If signed and ratified, the trans-Pacific and trans-Atlantic agreements, which seek to organize business activity under one gigantic umbrella of new rules, are likely to change our living environment in ways very different from what elected officials have been misled to imagine.
They have been peddled as trade treaties, and hence as being wonderful for economic growth, job creation, social well-being and general happiness.
But the TPP agreement, which aims to tie the United States together with close to a dozen countries in Asia, Oceania and a bit of Latin America, is not in the first place about trade, and may hardly be significant at all for stimulating genuine exchanges traditionally labelled that way. The same is true for its TPIP companion, which is meant to create and foster a new American-European business environment.

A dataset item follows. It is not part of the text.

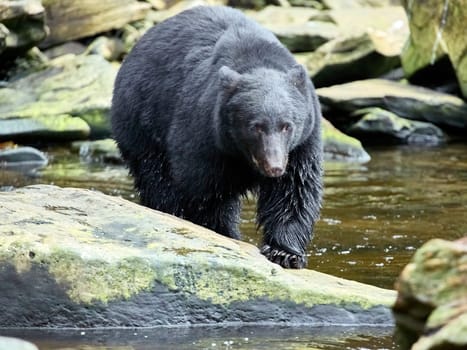 Black bear walking towards you on way to a river to catch salmon.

The TPP and TPIP accords are about power, not trade. More specifically, the agreements are about changed power relations between a collectivity of politically well-connected large corporations and the sovereign states in which these entities want to sink new roots. In particular, these treaties would allow U.S. corporations to engage in conduct unchecked by national rules of the participating countries. In eyes not fogged over through neoliberal dogma, such a thing would be recognized as predation.…
All this is easily understood. But it still leaves us with the puzzle of why Asians as well as Europeans, whose EU trade commissioners have been mouthing the same job creating nonsense around the TPIP that accompanies the TPP rhetoric, appear unable to tackle intellectually the dominant power aspects of these treaties.
Perhaps this is because the world in which they exist is politically sterilized by current economic suppositions. More generally, the concept of power (not influence with which it is often confused) receives a “stepmotherly” treatment in popular as well as serious writing, and the social science denizens of academia are entirely at sea over it.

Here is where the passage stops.